In [1]:
# Standard
import logging

# Third party
import numpy as np
import rdkit
from rdkit import RDLogger
import torch
from torch import nn
import matplotlib.pyplot as plt
from torch.optim.lr_scheduler import ReduceLROnPlateau
from torch_geometric.loader import DataLoader
import torchmetrics
from torchmetrics import MeanSquaredError
from pytorch_lamb import Lamb

# GT-PyG
from gt_pyg.data.utils import (
    get_tensor_data, 
    get_node_dim,
    get_edge_dim,
    get_molecule_ace_datasets
)
from gt_pyg.nn.model import GraphTransformerNet

# Turn off majority of RDKit warnings
lg = RDLogger.logger()
lg.setLevel(RDLogger.CRITICAL)


# Set a random seed for a reproducibility purposes
torch.manual_seed(192837465)

# Setup the logger
logger = logging.getLogger()
logger.setLevel(logging.INFO)

# Log the used versions of RDkit and torch
print(f'Numpy version: {np.__version__}')
print(f'Rdkit version: {rdkit.__version__}')
print(f'Torch version: {torch.__version__}')
print(f'TorchMetrics version: {torchmetrics.__version__}')

  from .autonotebook import tqdm as notebook_tqdm


Numpy version: 1.21.6
Rdkit version: 2022.09.5
Torch version: 1.13.1
TorchMetrics version: 0.11.4


## Get the MoleculeACE data

**Note**: To use the code below, make sure that the chosen endpoint is a regression task.

In [16]:
PE_DIM = 6
(tr, va, te) = get_molecule_ace_datasets('CHEMBL2034_Ki', min_num_atoms=0, 
                                         training_fraction=0.8, valid_fraction=0.2)
tr_dataset = get_tensor_data(tr.SMILES.to_list(), tr.Y.to_list(), pe_dim=PE_DIM)
va_dataset = get_tensor_data(va.SMILES.to_list(), va.Y.to_list(), pe_dim=PE_DIM)
te_dataset = get_tensor_data(te.SMILES.to_list(), te.Y.to_list(), pe_dim=PE_DIM)
NODE_DIM = get_node_dim()
EDGE_DIM = get_edge_dim()

print(f'Number of training examples: {len(tr_dataset)}')
print(f'Number of validation examples: {len(va_dataset)}')
print(f'Number of test examples: {len(te_dataset)}')
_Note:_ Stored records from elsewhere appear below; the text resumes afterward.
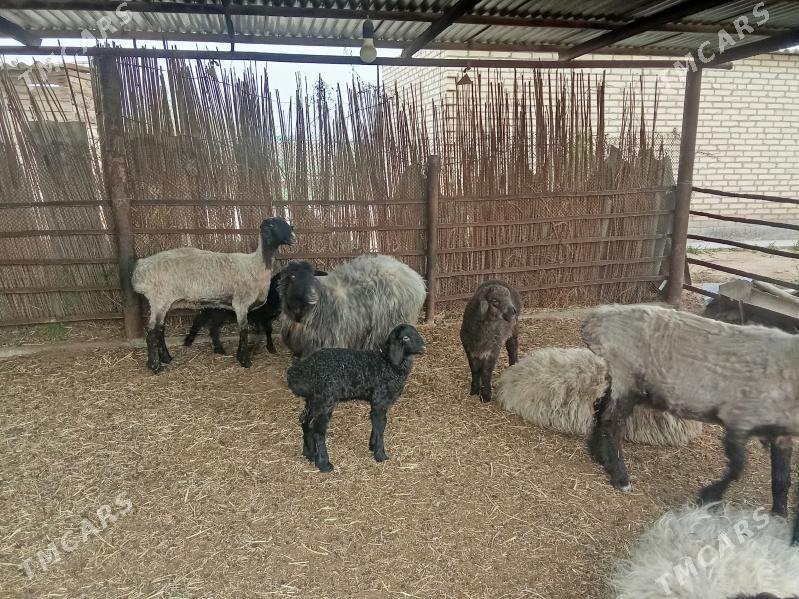 Guzuly goyunlar - Wekilbazar - img 1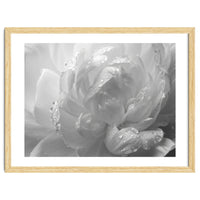 Ethereal Monochromatic Peony Petal Macro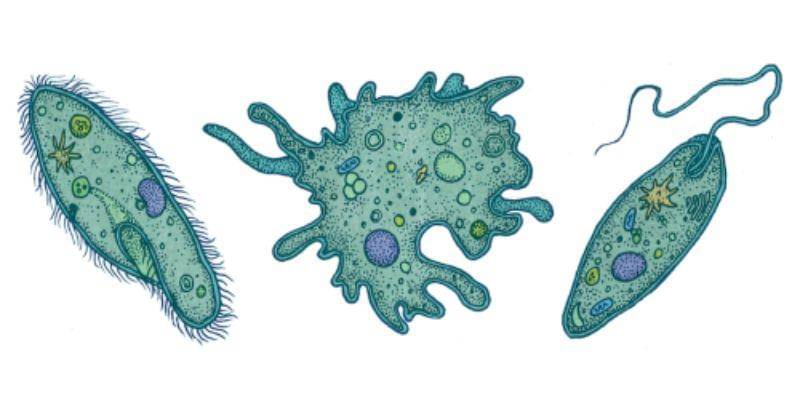 Onlinesciencenotes.com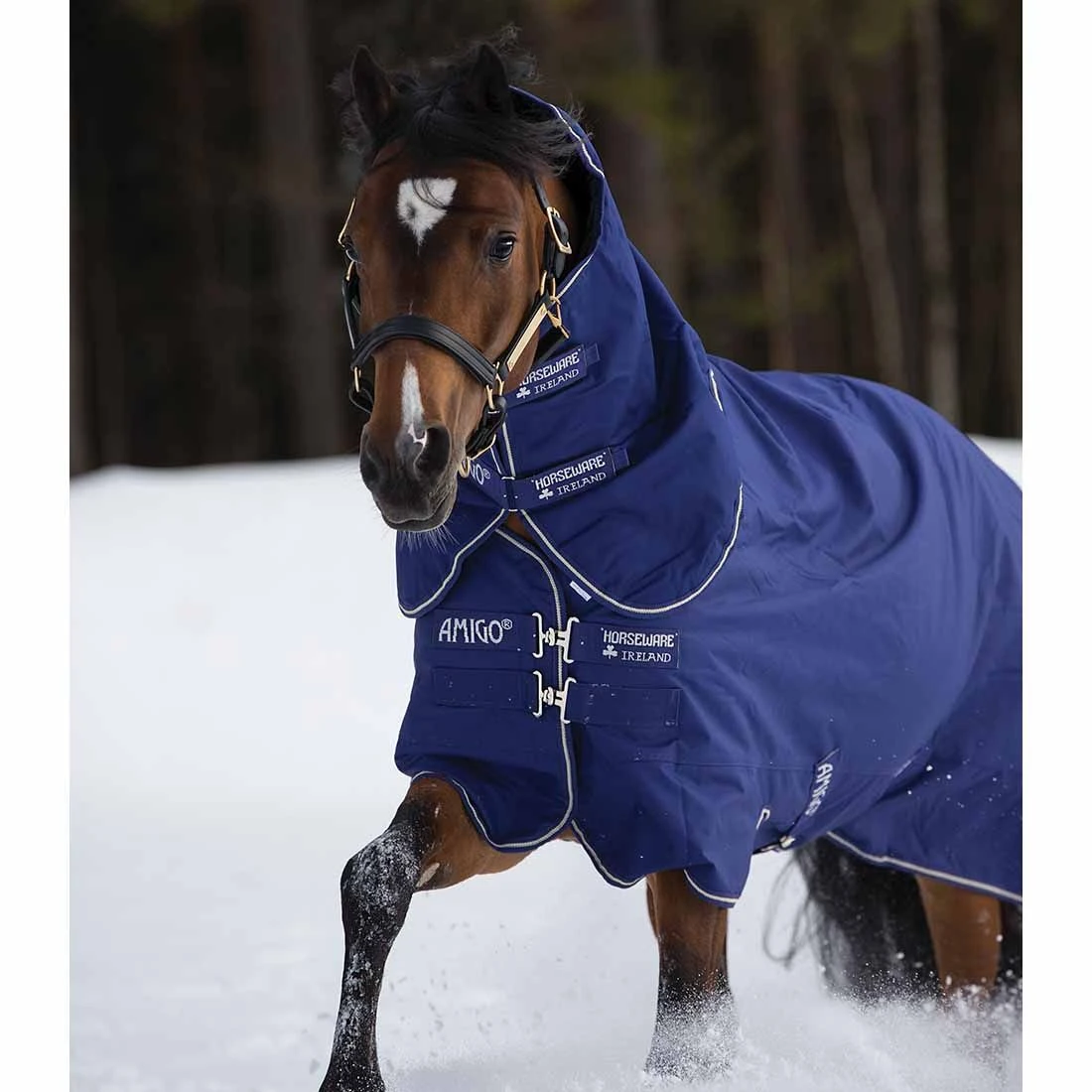 Amigo Hero 900 Plus Medium 200g 3 Amigo Hero 900 Plus Medium 200g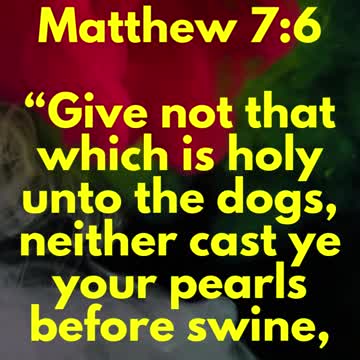 Jesus said... Give not that which is holy unto the dogs, neither cast ye your pearls before swine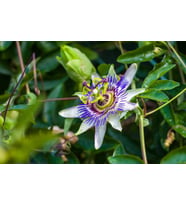 Lexroo Passiflora Çiçeği Tohumu 5+ Tohum – Çarkıfelek Çiçeği Tohumları
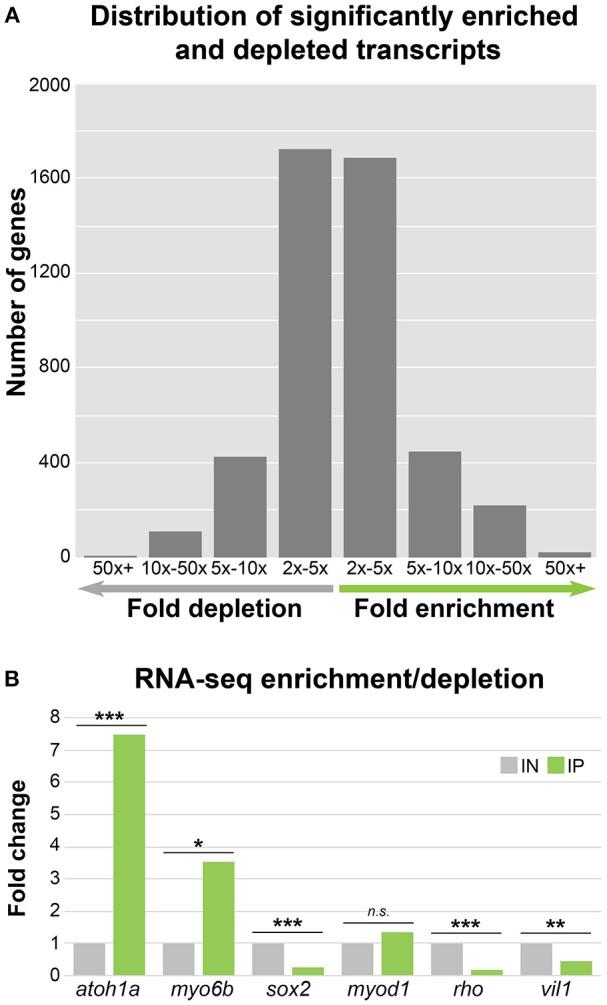 https://cdn.ncbi.nlm.nih.gov/pmc/blobs/059a/6120597/5ec6928b21e7/fcell-06-00084-g0001.jpg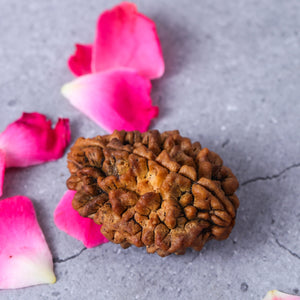 Studio Vaidik 2 mukhi Natural Rudraksha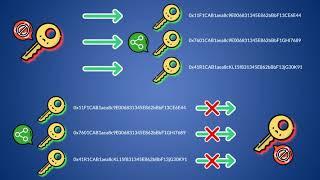 Cryptonomist Academy: What is and how does a digital wallet work?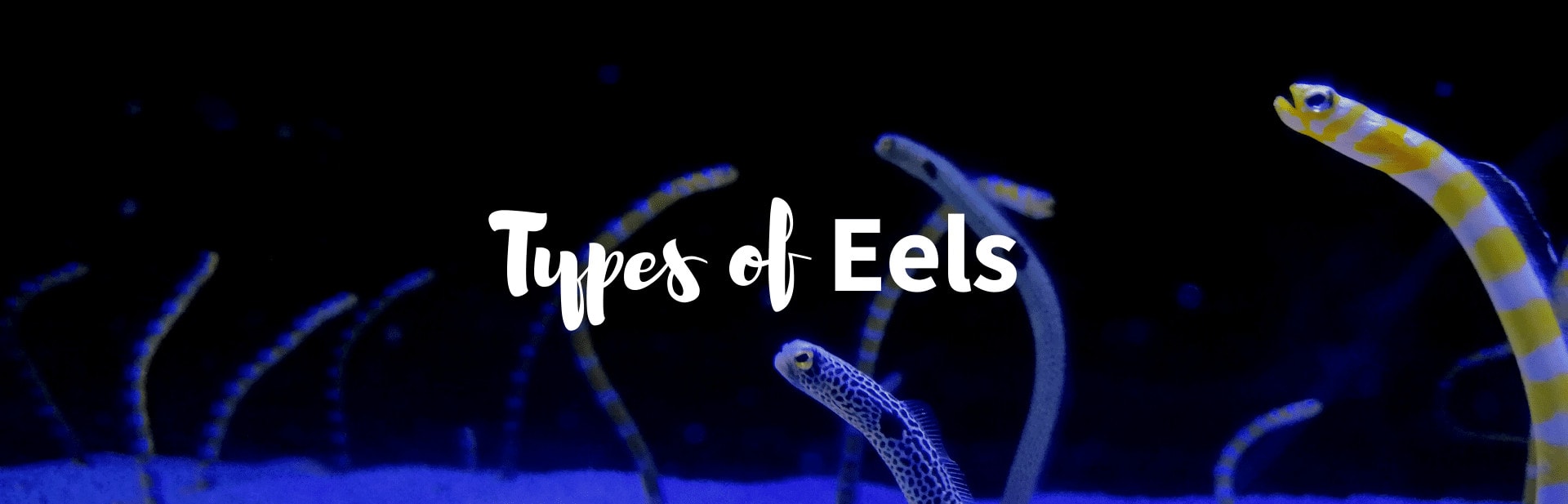 19+ Different Types of Eels: Classification, Facts, & Photos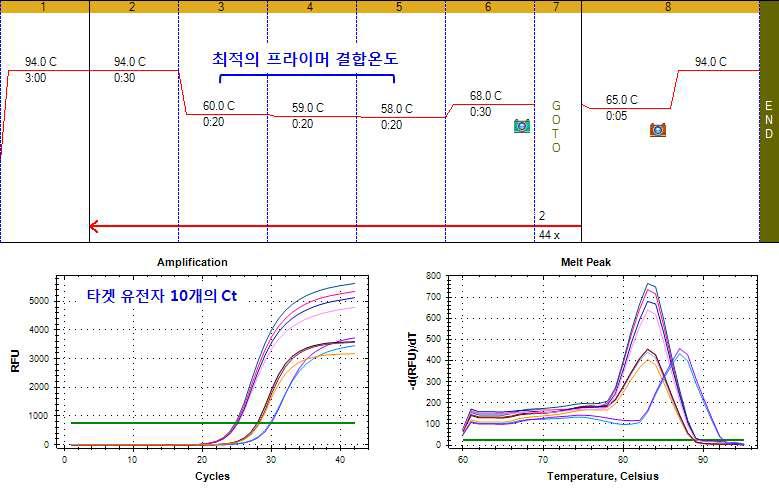 타겟 유전자만을 증폭할 수 있는 최적의 PCR 조건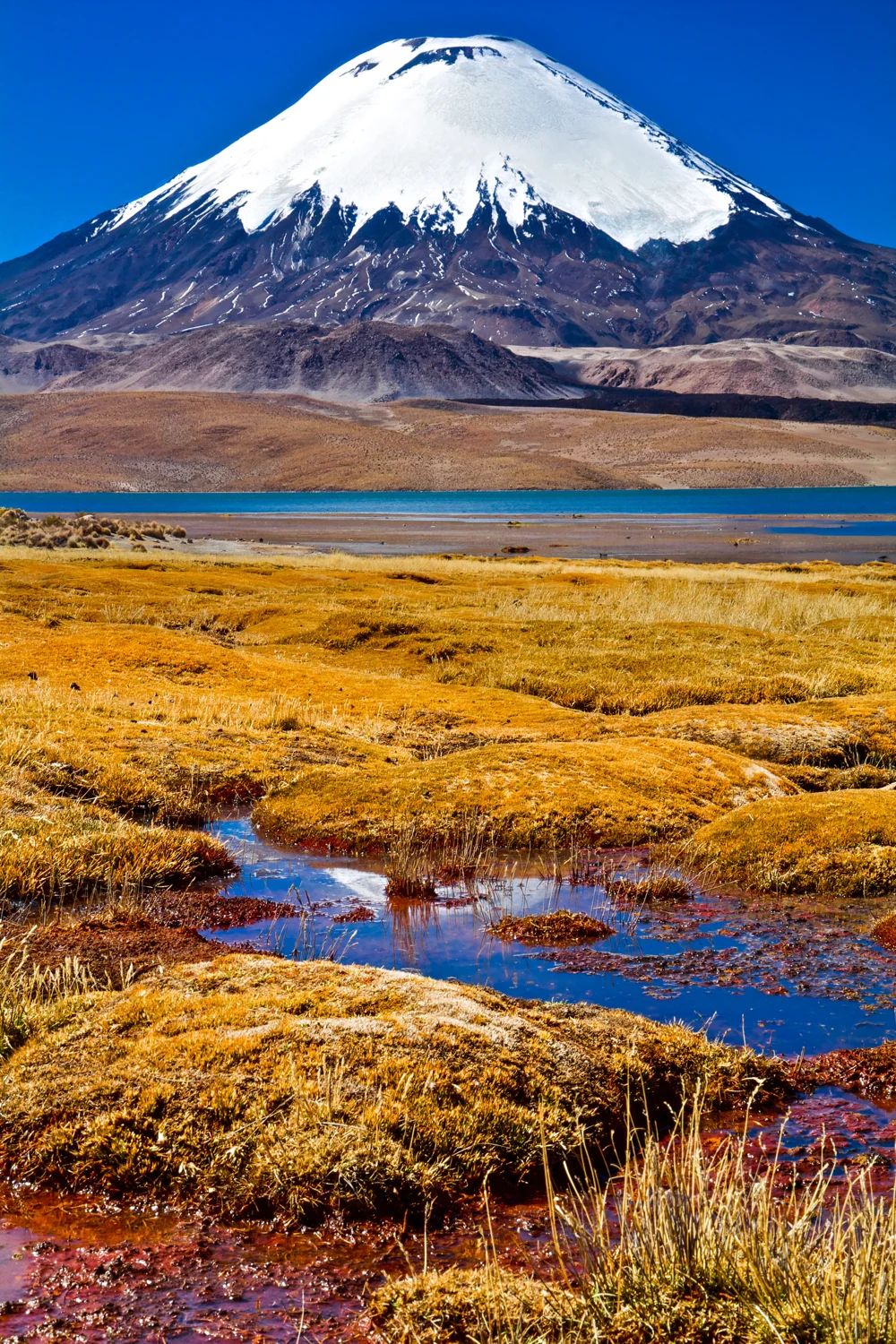 Volcano Landscape Photography Lucas Cometto Wilderness Landscape Photography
train_loader = DataLoader(tr_dataset, batch_size=64)
val_loader = DataLoader(va_dataset, batch_size=512)
test_loader = DataLoader(te_dataset, batch_size=512)

Number of training examples: 478
Number of validation examples: 120
Number of test examples: 152


### Auxiliary functions

In [11]:
def train(epoch, loss_func):
    """
    RMSE = MSE ** 0.5
    """
    model.train()
    train_mse = MeanSquaredError()

    for data in train_loader:
        data = data.to(device)
        optimizer.zero_grad()
        
        # randomly flip sign of eigenvectors
        batch_pe = data.pe * (2 * torch.randint(low=0, high=2, size=(1, PE_DIM)).float() - 1.0)
        (out,_) = model(data.x, data.edge_index, data.edge_attr, batch_pe, data.batch, zero_var=False)
        loss = loss_func(out.squeeze(), data.y)
        loss.backward()
        optimizer.step()
        
        train_mse.update(out.squeeze(), data.y)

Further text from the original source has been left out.